Beefy Boxes and Bandwidth Generously Provided by pair Networks
"be consistent"

Re: Assigning text sections to scalars

by hdp (Beadle)
on Apr 25, 2001 at 11:11 UTC ( [id://75392] : note . print w/replies, xml ) Need Help??

in reply to Assigning text sections to scalars

The easiest way to do this is with split: ($title, $author, $abstract) = split /\n\n/, $article

If you insist on using a regex, try: ($title, $author, $abstract) = $article =~ /([^\n]+)(?:\n\n)?/g When I tried your regex, I encountered two cases: 1) with no whitespace after the abstract, in which case I ended up with nothing at all, and 2) with \n\n after the abstract, which left me with the entire block of text in $title; I can't really explain how you could extract only the title but not the others.
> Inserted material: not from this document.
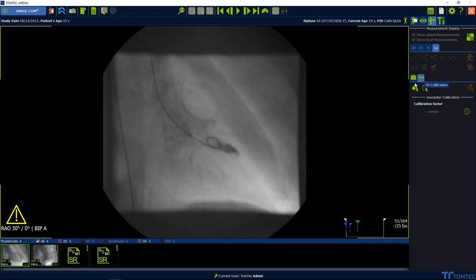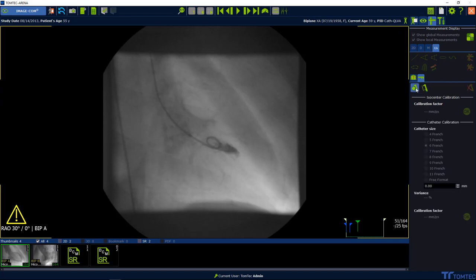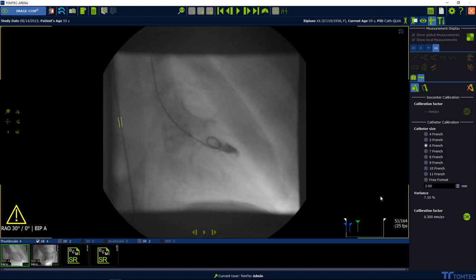Select one of the options to calibrate the image. Here, please focus on catheter calibration, the most common calibration method. Click on catheter calibration and then click two times on a straight part of the catheter.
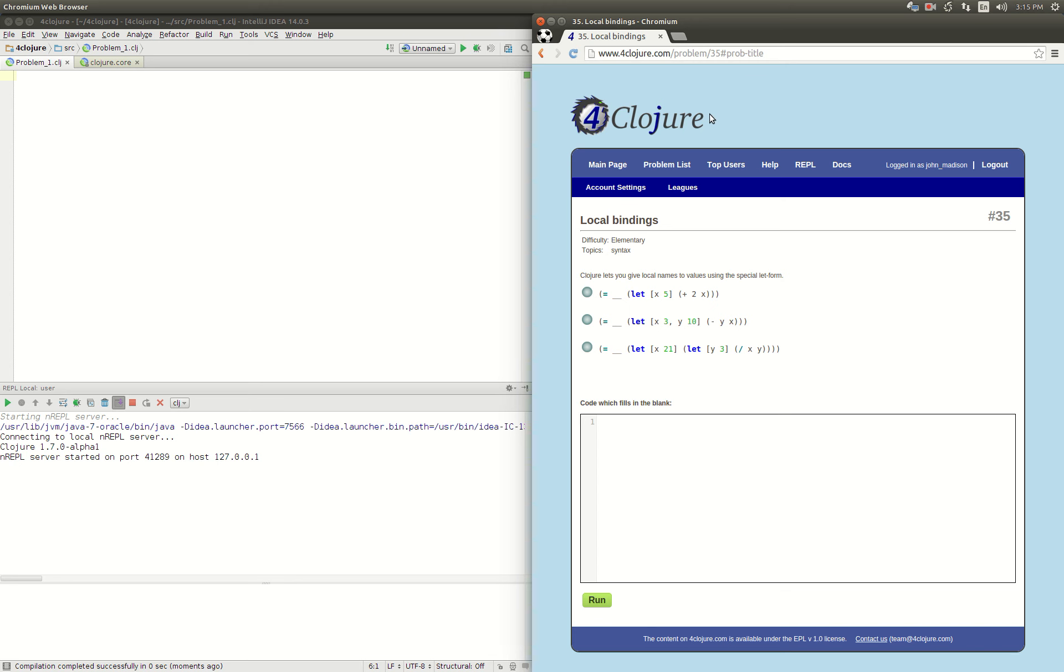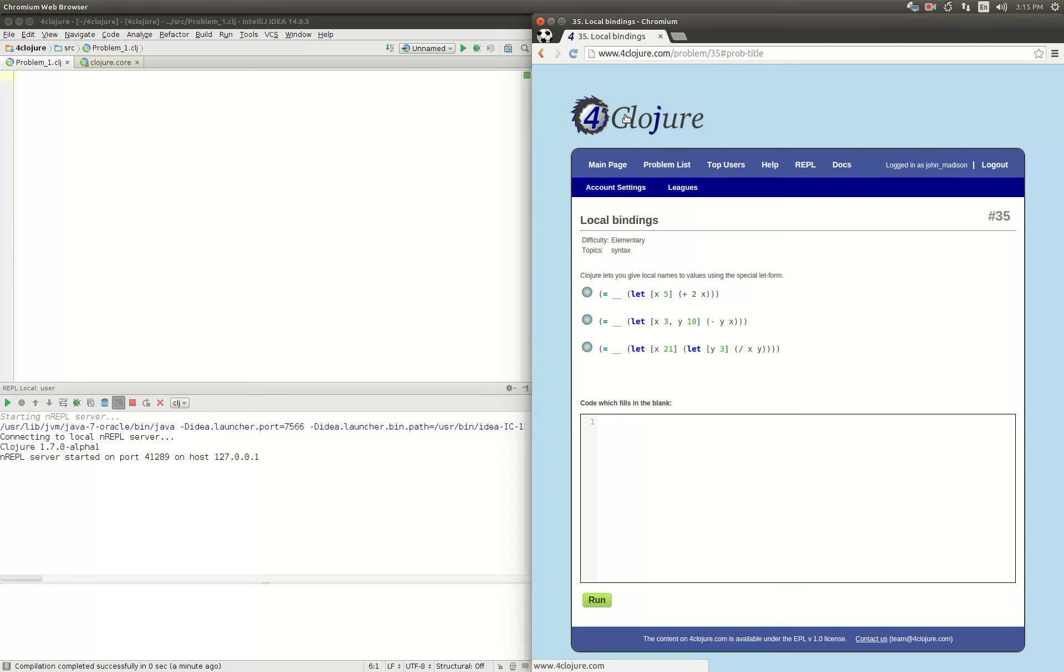John again, back to solving 4Clojure problems. We are working on problem 35, which is called Local Bindings. Closures let you give local names to values using the special let form. Good to know what it's called. I keep using it but didn't know it was called a let form.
By the way, the reason I say to use split in this case is because you don't really care what's in the strings you're extracting -- you only care about what's between them (namely the \n\n), often a strong indication that split is the correct tool to use.

Note that the regex requires a lot more punctuation and is in general harder to comprehend at a glance than the split, but the functionality is essentially the same.


Replies are listed 'Best First'.
Re: Re: Assigning text sections to scalars
by jeroenes (Priest) on Apr 25, 2001 at 13:55 UTC
    I agree with you, I would also use split. It's cleaner.

    To make it even saver (minor points):

    ($title, $author, $abstract, undef) = split /\n\s*\n+/, $article;
    The \s* construction catches unvisible spaces and tabs, whereas \n+ catches faulty triple (or more) newlines.

    The undef makes sure that additional text doesn't screw up the abstract.

    "We are not alone"(FZ)

      The undef is not necessary, as per split's documentation:

      When assigning to a list, if LIMIT is omitted, Perl supplies a LIMIT one larger than the number of variables in the list, to avoid unnecessary work.

      Essentially, this means that all the extra text you're worried about gets assigned to that nonexistent fourth variable in the list on the left hand side.

      Good thinking, but Perl beat you to it.